▸ BRIEF
Reproduce the section of the listing that begins at the line containing "Pro Capoeira 2010 17" and finishes at the line containing "Logo Design by". Include both end lines and nothing beyond them.

▸ MATERIAL PROVIDED
+ + + + + + +
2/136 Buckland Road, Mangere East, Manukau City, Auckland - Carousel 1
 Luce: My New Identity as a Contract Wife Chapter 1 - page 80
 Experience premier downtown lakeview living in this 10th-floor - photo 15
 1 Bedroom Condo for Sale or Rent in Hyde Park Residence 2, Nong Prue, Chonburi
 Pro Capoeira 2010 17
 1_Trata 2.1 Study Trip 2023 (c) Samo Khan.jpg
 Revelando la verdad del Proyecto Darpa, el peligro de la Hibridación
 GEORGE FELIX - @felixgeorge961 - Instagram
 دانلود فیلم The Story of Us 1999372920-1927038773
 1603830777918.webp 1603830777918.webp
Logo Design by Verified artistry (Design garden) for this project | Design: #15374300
+ + + + + + +
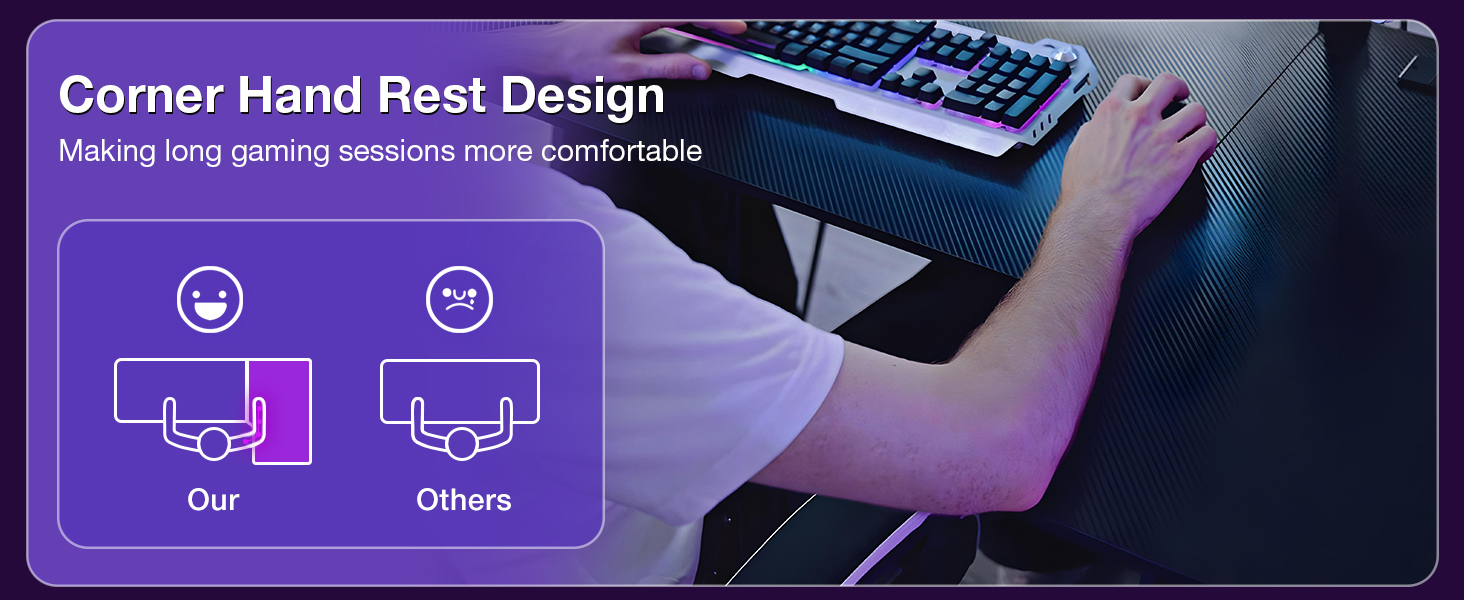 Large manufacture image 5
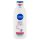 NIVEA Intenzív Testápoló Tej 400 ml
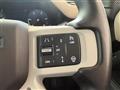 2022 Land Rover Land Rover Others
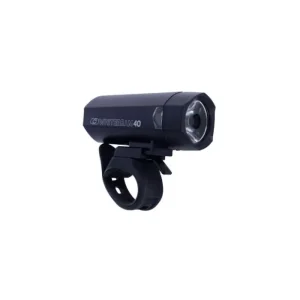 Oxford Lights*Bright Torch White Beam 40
+ + + + + + +
▸ FINISHED EXERCISE
 Pro Capoeira 2010 17
 1_Trata 2.1 Study Trip 2023 (c) Samo Khan.jpg
 Revelando la verdad del Proyecto Darpa, el peligro de la Hibridación
 GEORGE FELIX - @felixgeorge961 - Instagram
 دانلود فیلم The Story of Us 1999372920-1927038773
 1603830777918.webp 1603830777918.webp
Logo Design by Verified artistry (Design garden) for this project | Design: #15374300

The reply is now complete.